Times Have Changed. TCP Hasn't.
Transmission Control Protocol was designed and implemented decades ago. Today, the public network looks very different than it did back then. TCP is a brilliantly designed and implemented protocol that has served us well. However, its design principals from 35 years ago no longer apply.
TCP congestion control assumes that any error – e.g., a lost ACK – is caused by congestion. This allows TCP to be fair when sharing a critical resource. Decades ago, that made sense; today, it doesn’t. Back then, the critical resource was limited bandwidth in the core of ARPANET. Today, the core of the network is no longer a critical resource. It offers ludicrous capacity and speed. There is no need for TCP to be polite: bandwidth is plentiful.
What about the access portion of the network, that first mile / last mile technology that connects users to that ridiculously fast and capable core?
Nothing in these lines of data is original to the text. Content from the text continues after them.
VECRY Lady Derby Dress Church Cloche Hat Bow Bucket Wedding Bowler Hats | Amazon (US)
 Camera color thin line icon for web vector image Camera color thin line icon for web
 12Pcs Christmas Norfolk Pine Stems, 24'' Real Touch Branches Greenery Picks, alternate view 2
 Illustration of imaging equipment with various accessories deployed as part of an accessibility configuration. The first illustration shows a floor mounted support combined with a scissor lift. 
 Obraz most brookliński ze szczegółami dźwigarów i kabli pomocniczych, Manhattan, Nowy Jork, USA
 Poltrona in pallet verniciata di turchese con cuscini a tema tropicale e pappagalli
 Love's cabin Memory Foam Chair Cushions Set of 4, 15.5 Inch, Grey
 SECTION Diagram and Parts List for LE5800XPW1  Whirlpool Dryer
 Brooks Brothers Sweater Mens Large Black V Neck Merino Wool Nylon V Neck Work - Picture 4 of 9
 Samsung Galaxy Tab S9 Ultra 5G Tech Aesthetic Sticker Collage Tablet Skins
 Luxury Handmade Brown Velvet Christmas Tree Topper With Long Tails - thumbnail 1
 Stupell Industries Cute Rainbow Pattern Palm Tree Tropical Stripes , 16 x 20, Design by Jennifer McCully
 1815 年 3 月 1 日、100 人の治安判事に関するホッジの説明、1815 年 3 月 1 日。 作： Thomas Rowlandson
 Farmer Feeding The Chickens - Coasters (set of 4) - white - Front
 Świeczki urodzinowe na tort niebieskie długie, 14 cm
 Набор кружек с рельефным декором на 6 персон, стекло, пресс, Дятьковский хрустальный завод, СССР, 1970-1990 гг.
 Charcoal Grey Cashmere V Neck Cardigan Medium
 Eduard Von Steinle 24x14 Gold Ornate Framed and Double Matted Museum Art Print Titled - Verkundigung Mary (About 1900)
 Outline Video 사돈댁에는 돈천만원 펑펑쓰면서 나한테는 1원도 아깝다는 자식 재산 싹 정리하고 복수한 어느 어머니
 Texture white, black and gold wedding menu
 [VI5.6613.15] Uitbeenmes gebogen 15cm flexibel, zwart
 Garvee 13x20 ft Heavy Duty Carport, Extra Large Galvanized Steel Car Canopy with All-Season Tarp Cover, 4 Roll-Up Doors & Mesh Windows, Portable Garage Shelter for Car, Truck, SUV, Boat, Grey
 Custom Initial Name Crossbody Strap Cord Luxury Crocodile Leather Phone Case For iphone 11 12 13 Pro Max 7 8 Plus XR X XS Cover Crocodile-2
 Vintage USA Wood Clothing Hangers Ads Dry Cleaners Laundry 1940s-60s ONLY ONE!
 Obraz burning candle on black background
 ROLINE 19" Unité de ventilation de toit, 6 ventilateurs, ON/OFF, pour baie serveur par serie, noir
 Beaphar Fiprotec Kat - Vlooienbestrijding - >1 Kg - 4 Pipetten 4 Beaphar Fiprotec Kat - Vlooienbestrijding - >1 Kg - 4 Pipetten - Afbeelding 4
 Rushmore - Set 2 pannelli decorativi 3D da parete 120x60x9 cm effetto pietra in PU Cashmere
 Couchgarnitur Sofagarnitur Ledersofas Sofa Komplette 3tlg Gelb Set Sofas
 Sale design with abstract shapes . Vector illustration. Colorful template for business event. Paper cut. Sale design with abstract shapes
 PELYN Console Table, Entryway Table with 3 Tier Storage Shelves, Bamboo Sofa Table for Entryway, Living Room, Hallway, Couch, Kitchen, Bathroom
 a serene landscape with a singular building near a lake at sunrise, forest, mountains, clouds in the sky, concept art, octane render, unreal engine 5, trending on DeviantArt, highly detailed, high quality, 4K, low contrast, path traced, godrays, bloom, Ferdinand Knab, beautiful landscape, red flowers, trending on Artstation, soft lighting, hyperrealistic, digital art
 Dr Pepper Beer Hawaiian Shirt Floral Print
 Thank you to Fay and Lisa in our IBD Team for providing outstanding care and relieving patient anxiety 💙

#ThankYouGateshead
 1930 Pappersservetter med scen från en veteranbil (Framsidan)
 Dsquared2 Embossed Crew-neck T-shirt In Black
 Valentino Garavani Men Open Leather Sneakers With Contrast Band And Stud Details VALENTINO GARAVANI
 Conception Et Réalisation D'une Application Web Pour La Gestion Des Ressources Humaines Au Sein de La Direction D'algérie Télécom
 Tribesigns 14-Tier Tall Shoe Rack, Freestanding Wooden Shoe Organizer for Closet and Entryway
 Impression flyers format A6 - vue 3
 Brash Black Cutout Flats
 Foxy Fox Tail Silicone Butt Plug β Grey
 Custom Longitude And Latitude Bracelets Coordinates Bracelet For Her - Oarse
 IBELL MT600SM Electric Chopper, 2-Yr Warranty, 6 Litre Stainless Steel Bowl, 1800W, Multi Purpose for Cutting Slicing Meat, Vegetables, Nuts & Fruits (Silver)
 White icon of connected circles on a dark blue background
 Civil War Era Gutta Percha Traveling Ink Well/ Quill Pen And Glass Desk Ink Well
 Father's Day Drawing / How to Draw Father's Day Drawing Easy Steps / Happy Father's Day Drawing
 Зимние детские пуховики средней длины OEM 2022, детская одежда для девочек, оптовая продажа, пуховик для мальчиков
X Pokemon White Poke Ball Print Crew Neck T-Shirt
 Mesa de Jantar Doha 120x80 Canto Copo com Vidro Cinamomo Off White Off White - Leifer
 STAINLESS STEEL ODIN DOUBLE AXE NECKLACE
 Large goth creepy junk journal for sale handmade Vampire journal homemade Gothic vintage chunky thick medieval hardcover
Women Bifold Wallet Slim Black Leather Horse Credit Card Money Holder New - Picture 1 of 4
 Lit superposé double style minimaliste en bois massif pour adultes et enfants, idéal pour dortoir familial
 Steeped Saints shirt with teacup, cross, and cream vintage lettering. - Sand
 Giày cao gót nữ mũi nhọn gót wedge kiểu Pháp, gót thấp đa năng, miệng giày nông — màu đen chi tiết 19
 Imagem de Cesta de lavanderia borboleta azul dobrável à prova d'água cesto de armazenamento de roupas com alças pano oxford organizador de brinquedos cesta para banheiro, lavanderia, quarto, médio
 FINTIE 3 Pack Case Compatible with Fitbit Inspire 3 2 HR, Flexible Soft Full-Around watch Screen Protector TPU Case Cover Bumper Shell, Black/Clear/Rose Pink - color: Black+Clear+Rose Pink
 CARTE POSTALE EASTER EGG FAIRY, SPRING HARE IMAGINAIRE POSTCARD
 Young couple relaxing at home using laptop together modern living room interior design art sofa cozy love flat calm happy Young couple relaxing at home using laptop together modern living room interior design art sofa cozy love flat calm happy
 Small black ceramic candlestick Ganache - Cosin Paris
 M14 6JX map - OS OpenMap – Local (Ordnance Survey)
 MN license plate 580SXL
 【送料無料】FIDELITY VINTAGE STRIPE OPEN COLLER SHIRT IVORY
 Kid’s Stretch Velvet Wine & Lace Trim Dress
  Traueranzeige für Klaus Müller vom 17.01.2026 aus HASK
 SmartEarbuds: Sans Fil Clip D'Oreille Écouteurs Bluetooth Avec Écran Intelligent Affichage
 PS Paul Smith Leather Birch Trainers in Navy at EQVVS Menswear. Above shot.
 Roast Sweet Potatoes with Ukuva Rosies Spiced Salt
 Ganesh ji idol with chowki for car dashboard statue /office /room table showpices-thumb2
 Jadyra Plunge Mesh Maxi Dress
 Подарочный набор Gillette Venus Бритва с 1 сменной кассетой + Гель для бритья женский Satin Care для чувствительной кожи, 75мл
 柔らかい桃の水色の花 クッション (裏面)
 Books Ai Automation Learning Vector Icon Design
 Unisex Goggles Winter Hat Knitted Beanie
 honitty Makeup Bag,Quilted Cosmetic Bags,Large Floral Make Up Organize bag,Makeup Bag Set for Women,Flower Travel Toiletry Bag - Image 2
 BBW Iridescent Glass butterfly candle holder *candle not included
Let’s use DOCSIS 3.1 as an example. In a typical system, the Cable Modem Termination System transmits to homes in a single channel while homes transmit to the CMTS using a Time Division Multiple Access strategy on multiple channels. The key here is that you have your own dedicated upstream time slot. Your neighbor also has a dedicated time slot.
When your legacy TCP connection detects a lost packet, it assumes congestion and backs off in the name of fairness. That doesn't make much sense. To understand why, let’s go over three possibilities for the packet loss.
An error occurred in the core of the network. If this happens, the protocol should retransmit immediately. There is no need to wait or back off. There is no need to assume the problem occurred because of congestion. There is plenty of bandwidth in the core and there is no need to be fair.
The congestion or error occurred in the upstream direction from your house to the CMTS. The pinch point – where your congestion can occur – is limited to your upstream time slot. You may as well retransmit right away because you are only competing with yourself. An ideal solution would include QoS at the edge of your home to prioritize traffic. However, that is a different blog post.
The congestion or error occurred in the downstream direction from the CMTS to your house. In this case, you are sharing downstream bandwidth with your neighbors. Many multiservice providers implement logic in the CMTS to ensure you and your neighbors use your fair share. So again, the protocols you run should assume you are only competing with yourself and retransmit right away.
Over time, any protocol must determine the effective throughput rate. However, a modern design should not assume errors are due to congestion over a shared resource. Instead, the protocol should determine the effective throughput, quickly assuming any drop outside of the effective throughput is due to an error and not congestion.
In today's networking world, all too often you compete with yourself for bandwidth. It’s time the protocols you use optimize the bandwidth you purchase.